Quais os critérios para escolher os filmes do projeto?
Um grupo do Tela Brasil formado por gerentes, coordenadores, por mim e pela Laís estuda os filmes lançados no último ano e meio. Buscamos filmes de qualidade que promovam entretenimento e reflexão. “Gonzaga” (2012), por exemplo, é perfeito. “Eu e Meu Guarda-Chuva” (2010), também. Depois, negociamos com os distribuidores. Muitos são bacanas. Outros são irredutíveis. Botam o preço lá em cima e inviabilizam a exibição. Nem todos os distribuidores têm noções de responsabilidade social.
Por que poucos filmes infantis são produzidos no Brasil?
Produzimos quase nada de filme infantil. Não chega a três longas entre os 80 feitos por ano. É muito pouco. Nós mesmos, produtores, esquecemos. Falo por mim: existe entre nós um certo preconceito, como se filme para crianças fosse algo menor. Não entendemos o passo que é dado com um filme infantil. Ele não ganha prêmio em festival, mas vai ser importante porque está formando espectadores. É uma pena, porque os infantis vão bem de público, têm vida longa no DVD. É preciso abrir os olhos e ver um caminho. A animação é uma das áreas que mais crescem.
Recentemente, escrevi com três roteiristas franceses o roteiro de “Planeta Verde”, um “live action” com animais rodado em 3D na Amazônia e lançamento previsto para 2014. É a história de um macaquinho de circo que cai na Amazônia e precisa aprender a ser bicho. E aí tomei bronca em casa das minhas filhas [de 10 e 8 anos]: “Finalmente, pai, você fez um filme que a gente pode ver”.

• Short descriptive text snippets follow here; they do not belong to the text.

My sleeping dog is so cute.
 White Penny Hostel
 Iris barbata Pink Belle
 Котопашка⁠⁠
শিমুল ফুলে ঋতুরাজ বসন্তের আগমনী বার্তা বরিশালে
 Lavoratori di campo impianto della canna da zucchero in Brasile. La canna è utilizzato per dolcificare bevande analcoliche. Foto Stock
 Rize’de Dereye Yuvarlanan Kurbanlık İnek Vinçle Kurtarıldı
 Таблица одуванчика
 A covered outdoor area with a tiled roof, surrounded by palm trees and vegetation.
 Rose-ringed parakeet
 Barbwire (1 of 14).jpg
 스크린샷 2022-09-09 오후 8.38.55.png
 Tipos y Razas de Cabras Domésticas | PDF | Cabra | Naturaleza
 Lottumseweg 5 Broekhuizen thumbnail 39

E você não pensa em dirigir um filme para crianças?
Tenho vontade de fazer um, em 2015/2016. Um filme sobre a história do Brasil vista a partir de São Paulo, sobre quem somos nós, para a família toda, com protagonistas crianças. Depois do prêmio em Annecy para “Uma História de Amor e Fúria”, aumentaram as possibilidades de fazer esse outro. Estamos começando. É tudo muito lento. Mas, como o prêmio em Annecy confirmou, esse é o jeito certo de fazer.
Há alguma dificuldade especial em escrever filmes infantis? Alguns dizem que a criança é um público mais exigente do que o adulto.
Penso na criança como um pequeno adulto. Em “Planeta Verde”, a maior dificuldade foi que o protagonista é um macaco que não fala. Eu pensava nos problemas dele. O grande erro é infantilizar o raciocínio das crianças. Eu me surpreendo com as minhas filhas o tempo todo. Crianças estão mais livres de preconceitos do que nós. São muito livres e sensíveis. Tratamos as crianças com ti-ti-ti, e o raciocínio delas está lá na frente. Entendem tudo. São surpreendentes. Crianças dão de 10 a 0 nos adultos. Se não gostam de um filme, saem no meio. Mas, quando gostam, veem a semana inteira.